THE TASK
Reproduce each line from the records that holds "Used".

[Caption-style text data]
----------

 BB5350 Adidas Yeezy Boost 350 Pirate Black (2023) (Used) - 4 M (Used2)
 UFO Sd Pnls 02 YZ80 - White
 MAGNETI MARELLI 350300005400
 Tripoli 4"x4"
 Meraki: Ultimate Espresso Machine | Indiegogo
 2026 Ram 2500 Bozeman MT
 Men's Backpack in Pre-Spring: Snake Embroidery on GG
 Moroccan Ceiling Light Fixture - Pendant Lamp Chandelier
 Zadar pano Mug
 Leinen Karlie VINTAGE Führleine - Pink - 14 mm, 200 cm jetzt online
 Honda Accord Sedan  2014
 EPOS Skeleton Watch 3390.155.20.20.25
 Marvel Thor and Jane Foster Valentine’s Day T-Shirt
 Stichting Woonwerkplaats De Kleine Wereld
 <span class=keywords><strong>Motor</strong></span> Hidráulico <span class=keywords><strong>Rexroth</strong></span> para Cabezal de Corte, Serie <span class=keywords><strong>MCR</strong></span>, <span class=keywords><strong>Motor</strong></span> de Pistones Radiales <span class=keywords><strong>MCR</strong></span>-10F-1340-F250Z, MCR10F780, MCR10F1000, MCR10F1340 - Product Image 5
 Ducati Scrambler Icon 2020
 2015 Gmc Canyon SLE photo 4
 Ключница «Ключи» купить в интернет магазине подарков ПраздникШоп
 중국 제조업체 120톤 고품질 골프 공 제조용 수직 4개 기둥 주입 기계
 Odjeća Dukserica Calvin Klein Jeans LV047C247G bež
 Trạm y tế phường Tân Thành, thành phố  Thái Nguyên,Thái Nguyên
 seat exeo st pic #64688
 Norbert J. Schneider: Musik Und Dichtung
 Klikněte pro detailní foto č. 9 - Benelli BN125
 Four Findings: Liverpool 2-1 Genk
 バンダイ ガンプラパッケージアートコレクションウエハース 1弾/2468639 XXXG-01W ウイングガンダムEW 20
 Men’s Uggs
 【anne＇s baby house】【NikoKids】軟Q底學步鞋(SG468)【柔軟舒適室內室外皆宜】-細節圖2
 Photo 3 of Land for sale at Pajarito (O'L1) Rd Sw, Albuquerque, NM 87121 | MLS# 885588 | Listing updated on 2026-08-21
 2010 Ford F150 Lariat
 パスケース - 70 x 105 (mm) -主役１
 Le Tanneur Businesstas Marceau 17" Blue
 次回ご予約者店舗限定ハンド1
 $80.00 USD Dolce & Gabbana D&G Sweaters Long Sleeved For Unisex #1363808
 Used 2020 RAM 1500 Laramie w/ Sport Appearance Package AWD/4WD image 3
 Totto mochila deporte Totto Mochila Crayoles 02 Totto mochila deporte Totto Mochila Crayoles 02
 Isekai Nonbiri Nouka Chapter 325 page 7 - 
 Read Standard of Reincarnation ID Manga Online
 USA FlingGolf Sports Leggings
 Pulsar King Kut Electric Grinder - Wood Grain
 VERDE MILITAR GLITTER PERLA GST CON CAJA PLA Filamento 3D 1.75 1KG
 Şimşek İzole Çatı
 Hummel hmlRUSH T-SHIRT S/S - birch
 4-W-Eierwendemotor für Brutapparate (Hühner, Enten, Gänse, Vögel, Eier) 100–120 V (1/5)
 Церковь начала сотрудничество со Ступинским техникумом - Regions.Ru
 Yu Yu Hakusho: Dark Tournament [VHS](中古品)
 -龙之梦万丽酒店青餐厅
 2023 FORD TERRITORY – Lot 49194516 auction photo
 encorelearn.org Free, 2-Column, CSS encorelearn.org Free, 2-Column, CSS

----------

SOLUTION TO THE PROBLEM
 BB5350 Adidas Yeezy Boost 350 Pirate Black (2023) (Used) - 4 M (Used2)
 Used 2020 RAM 1500 Laramie w/ Sport Appearance Package AWD/4WD image 3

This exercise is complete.